• YOUR GOAL
Locate the line bearing "मुंबई के खारघर" in the material below, then reproduce it and each following line up to and including the line bearing "日本面积有多大相当于中国哪个省".

• PROVIDED MATERIAL
========================

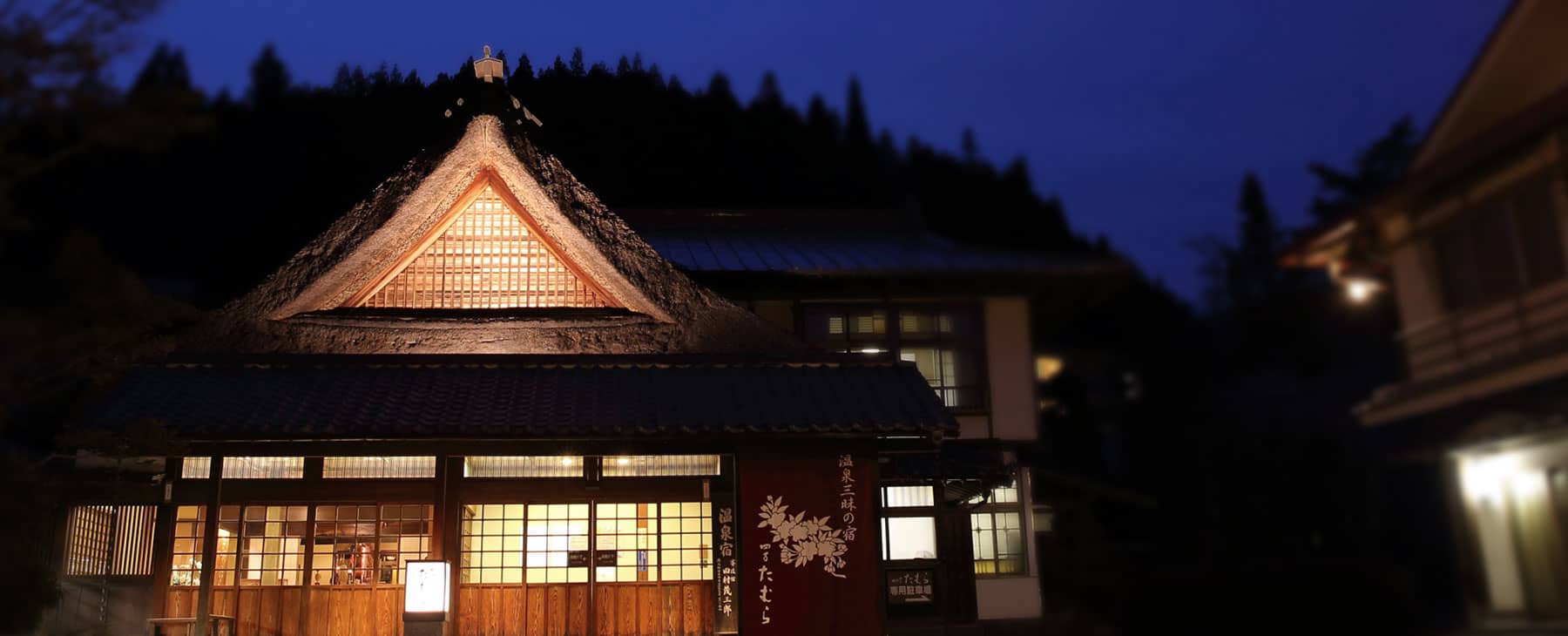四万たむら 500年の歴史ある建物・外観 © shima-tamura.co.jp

========================

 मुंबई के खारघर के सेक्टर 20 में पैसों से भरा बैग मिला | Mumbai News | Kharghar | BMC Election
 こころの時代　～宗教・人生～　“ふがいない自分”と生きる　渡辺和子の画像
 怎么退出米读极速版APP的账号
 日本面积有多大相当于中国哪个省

========================

• SOLUTION FOR THIS EXERCISE
 मुंबई के खारघर के सेक्टर 20 में पैसों से भरा बैग मिला | Mumbai News | Kharghar | BMC Election
 こころの時代　～宗教・人生～　“ふがいない自分”と生きる　渡辺和子の画像
 怎么退出米读极速版APP的账号
 日本面积有多大相当于中国哪个省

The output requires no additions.